[jncfhnb]

You confused yourself. There are four possible outcomes at the end, but they are not equally likely. So not 50/50.

If Monty always shows a goat, it is undeniably a 2/3 chance to win on switch.

The nuance here being discussed is whether you can assume Monty would have shown you the goat had you chosen a different initial door just because he showed you one this time. If you don’t know that, then you don’t learn anything.

Edit: actually I misread. You just chose to ignore the cases where Monty revealed a car. Which is correct although most people chalk that up as a win or loss.

[LegibleCrimson]

I'm covering the problem statement. I'm ignoring the cases where Monty revealed a car because it didn't happen. You can't chalk it up as a win or a loss, because it didn't happen.

It's always "You choose a door, the host reveals a goat behind another door. Do you switch?" The scenario does not include him revealing the car.

If he intentionally chooses a goat, switching gets the car 2 times out of 3.

If he chose randomly and just happened to choose a goat, switching doesn't matter. It's 50/50.
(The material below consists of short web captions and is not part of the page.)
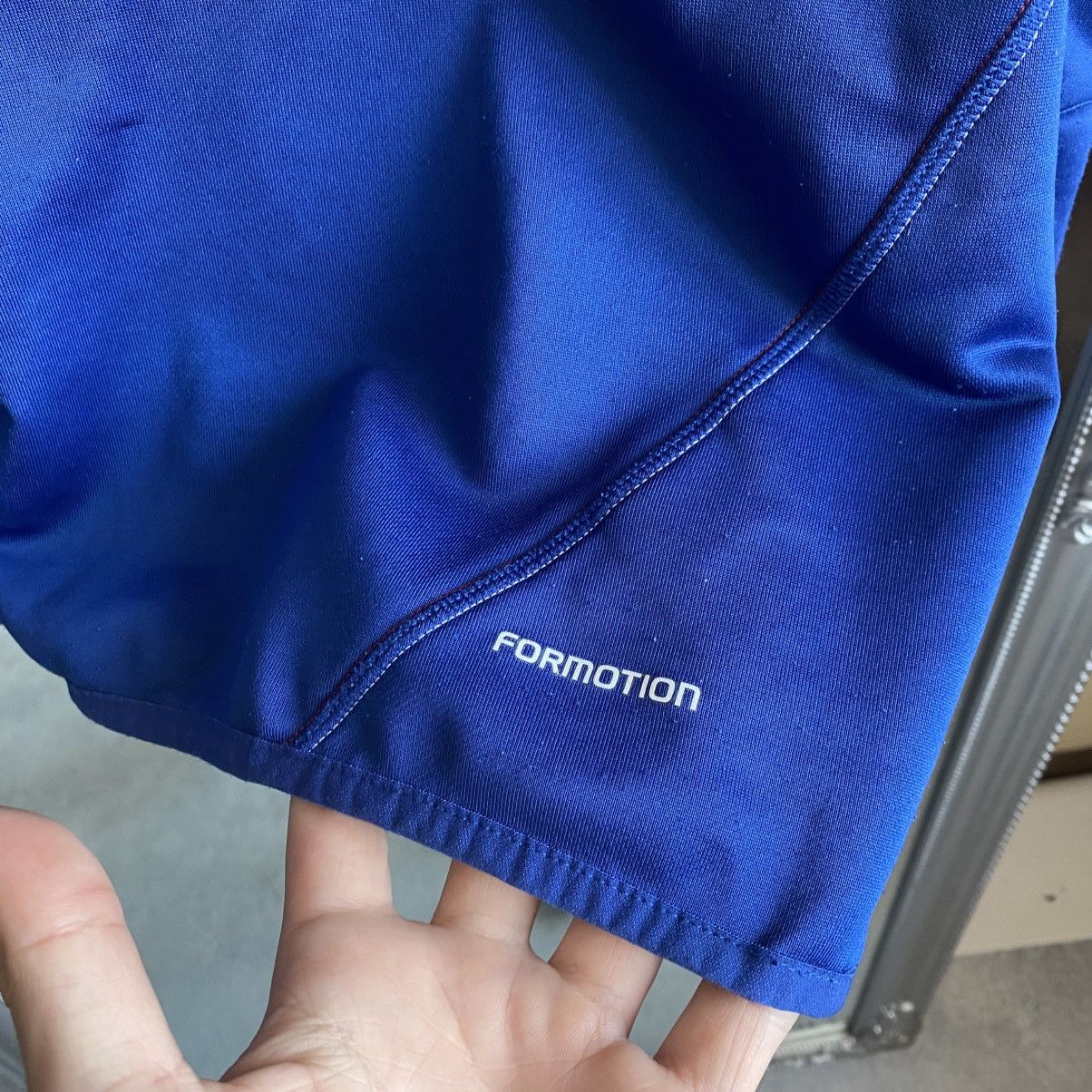 Adidas Vintage Chelsea sweatshirt Samsung Size M Size US M / EU 48-50 / 2 - 4 Thumbnail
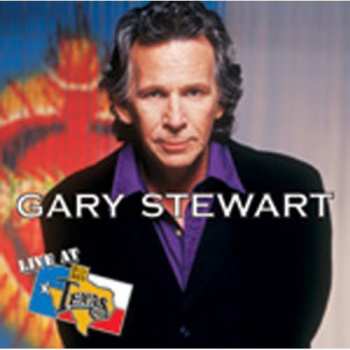 Album Gary Stewart: Live At Billy Bob's Texas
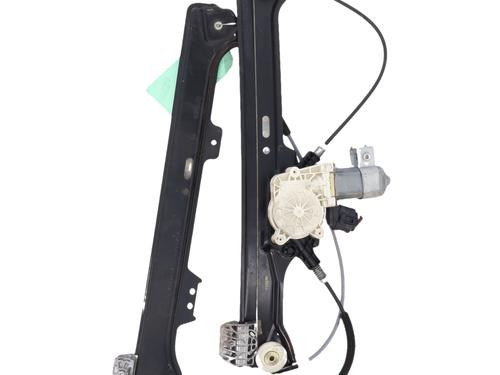 Front right window mechanism BMW 5 (E60) 525 d | BP37450876C23 - Image 2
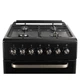 Комбинированная плита Canrey CGEK 6060 KGT BM - изображение 4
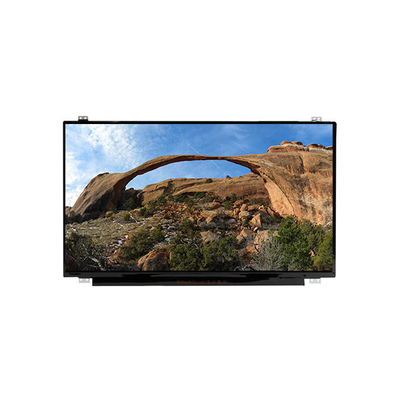 good price 1366*768 HB140WX1-500 14.0 inch 60Hz 262K 51%NTSC LCD Screen online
Of course, these aren't the only scenarios. As others have mentioned, if Monty can decide whether to reveal what's behind a door, he can act maliciously and only reveal a goat if you've already selected a car, and switching will always make you lose. Without knowing these constraints, a single answer isn't knowable, as you mentioned before.

[jncfhnb]

Yes you’re correct. You’re just the first person I’ve ever seen cover the true random Monty variety who doesn’t force the situation where he shows a car in as a win or loss.